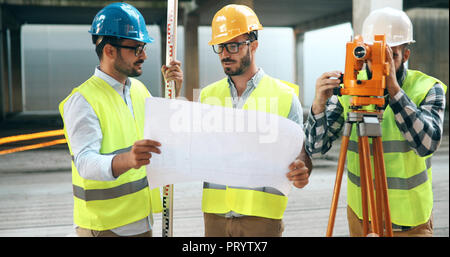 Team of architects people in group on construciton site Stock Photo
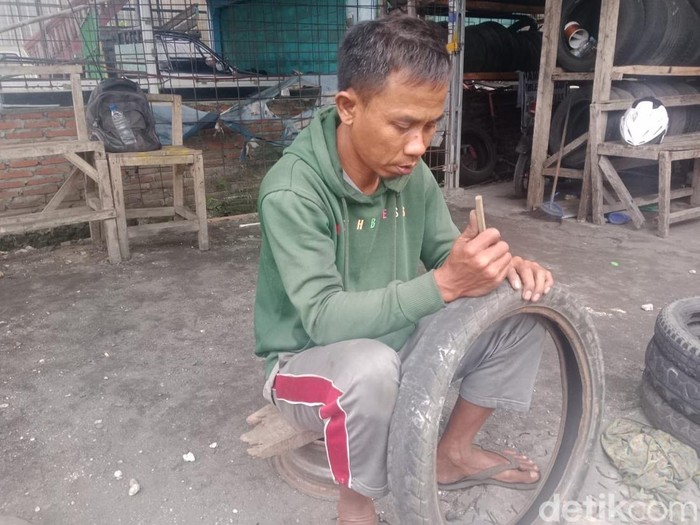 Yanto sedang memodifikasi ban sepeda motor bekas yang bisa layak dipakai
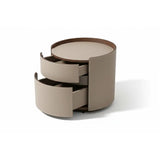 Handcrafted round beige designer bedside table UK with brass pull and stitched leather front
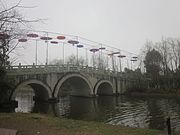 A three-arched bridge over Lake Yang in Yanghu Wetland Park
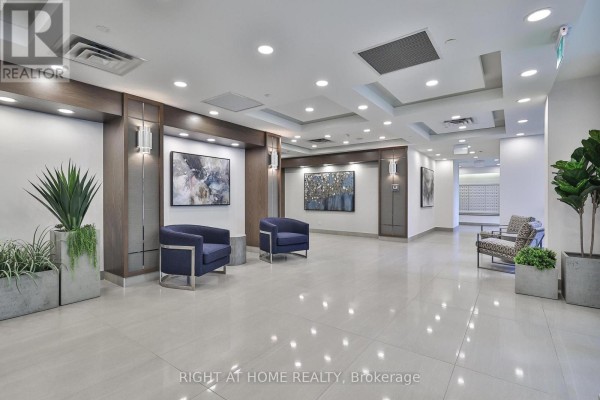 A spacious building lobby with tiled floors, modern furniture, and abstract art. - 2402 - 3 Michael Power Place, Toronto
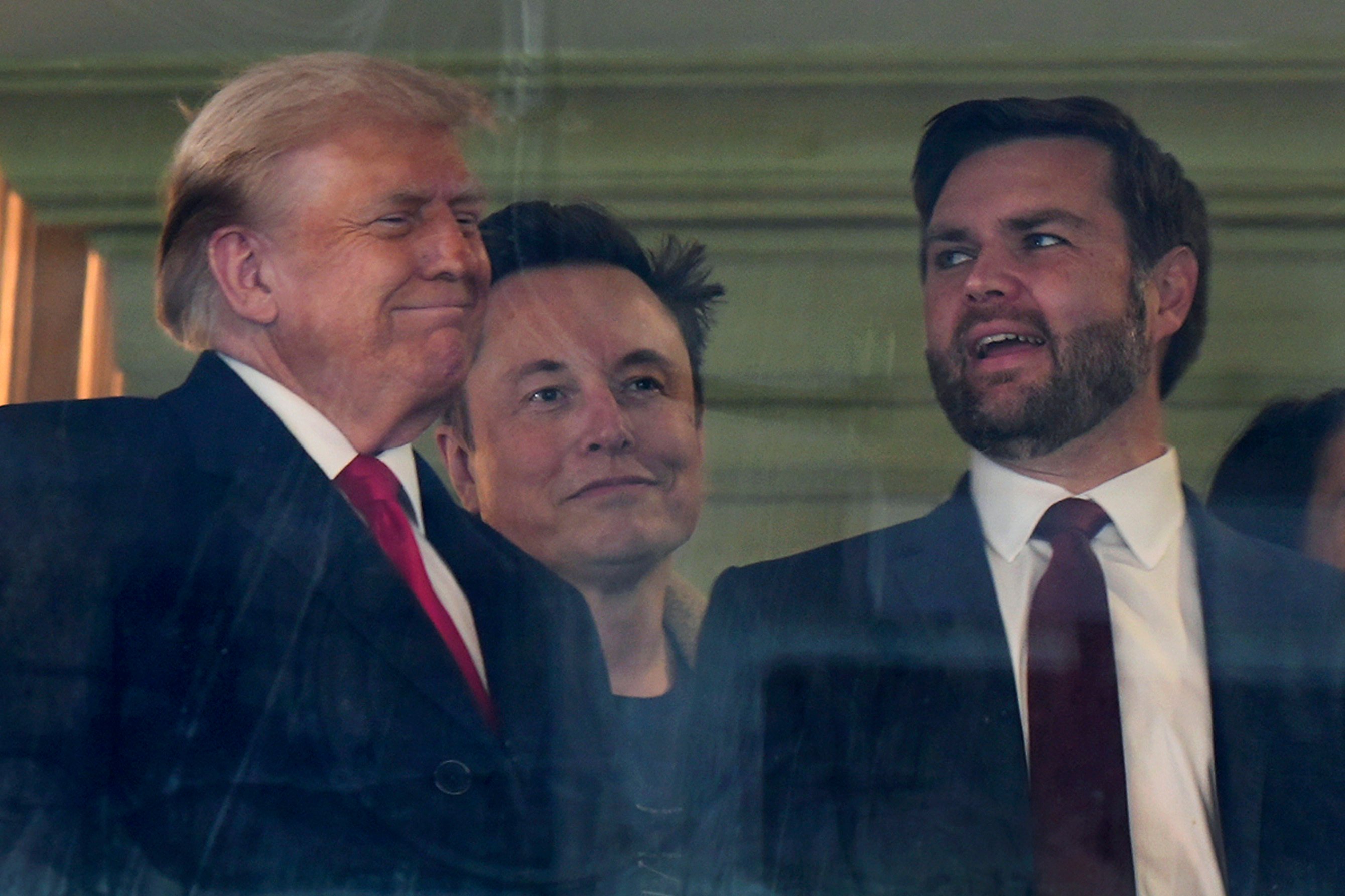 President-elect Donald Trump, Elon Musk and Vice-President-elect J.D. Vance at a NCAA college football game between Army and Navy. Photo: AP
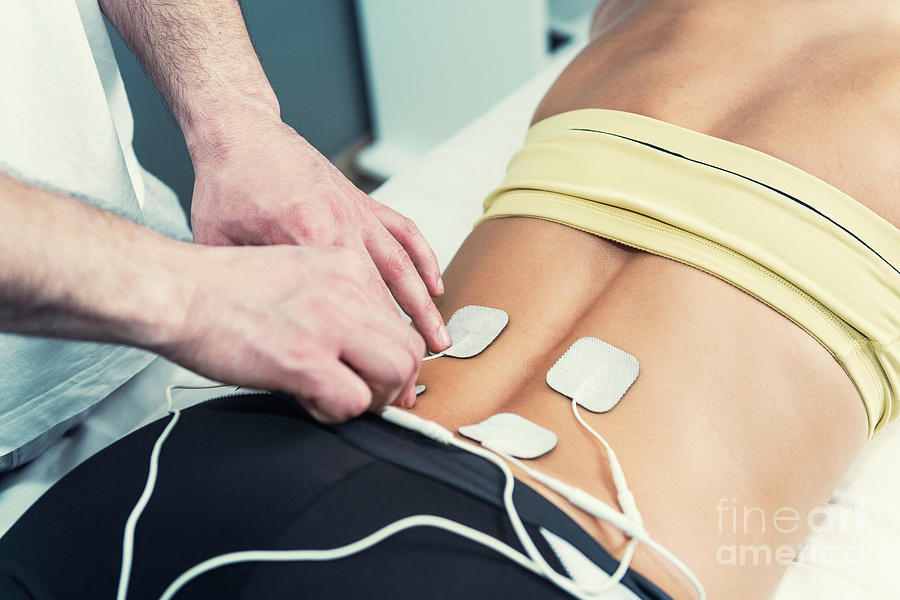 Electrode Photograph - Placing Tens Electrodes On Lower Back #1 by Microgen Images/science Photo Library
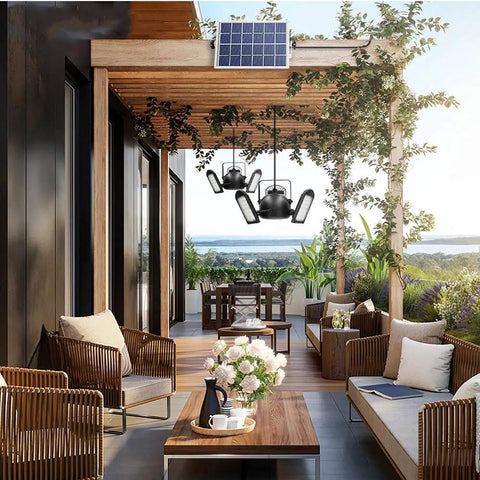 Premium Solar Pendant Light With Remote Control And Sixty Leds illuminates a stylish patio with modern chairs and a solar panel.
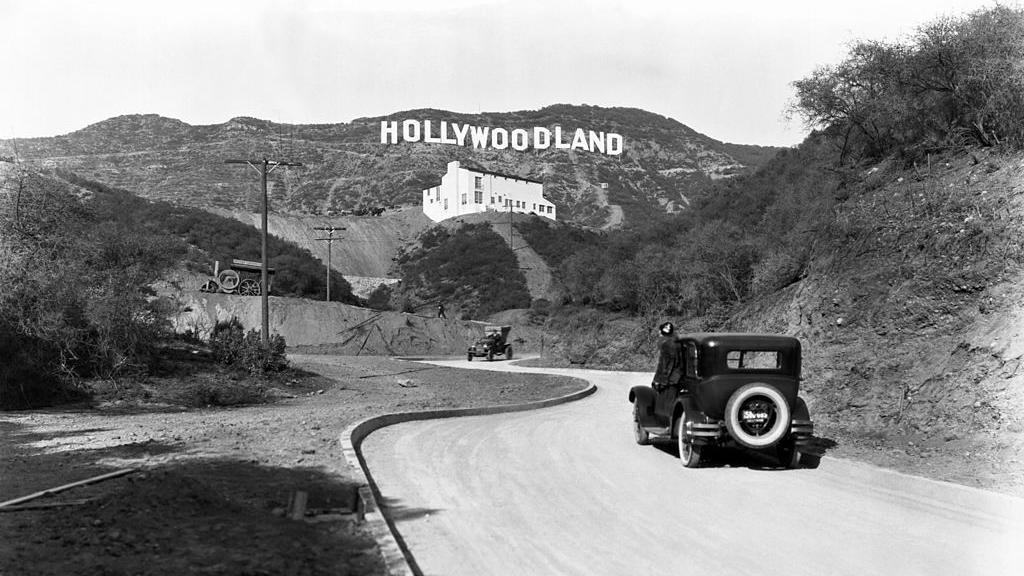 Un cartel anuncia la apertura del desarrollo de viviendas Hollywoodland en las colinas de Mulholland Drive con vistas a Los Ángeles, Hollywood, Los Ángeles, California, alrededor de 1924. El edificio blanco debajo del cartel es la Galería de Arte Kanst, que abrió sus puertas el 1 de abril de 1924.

*Work request*: Leaving out the images, repeat the listing above exactly.

*Solution to this problem*:
 Team of architects people in group on construciton site Stock Photo
 Yanto sedang memodifikasi ban sepeda motor bekas yang bisa layak dipakai
 Handcrafted round beige designer bedside table UK with brass pull and stitched leather front
 A three-arched bridge over Lake Yang in Yanghu Wetland Park
 A spacious building lobby with tiled floors, modern furniture, and abstract art. - 2402 - 3 Michael Power Place, Toronto
 President-elect Donald Trump, Elon Musk and Vice-President-elect J.D. Vance at a NCAA college football game between Army and Navy. Photo: AP
 Electrode Photograph - Placing Tens Electrodes On Lower Back #1 by Microgen Images/science Photo Library
 Premium Solar Pendant Light With Remote Control And Sixty Leds illuminates a stylish patio with modern chairs and a solar panel.
 Un cartel anuncia la apertura del desarrollo de viviendas Hollywoodland en las colinas de Mulholland Drive con vistas a Los Ángeles, Hollywood, Los Ángeles, California, alrededor de 1924. El edificio blanco debajo del cartel es la Galería de Arte Kanst, que abrió sus puertas el 1 de abril de 1924.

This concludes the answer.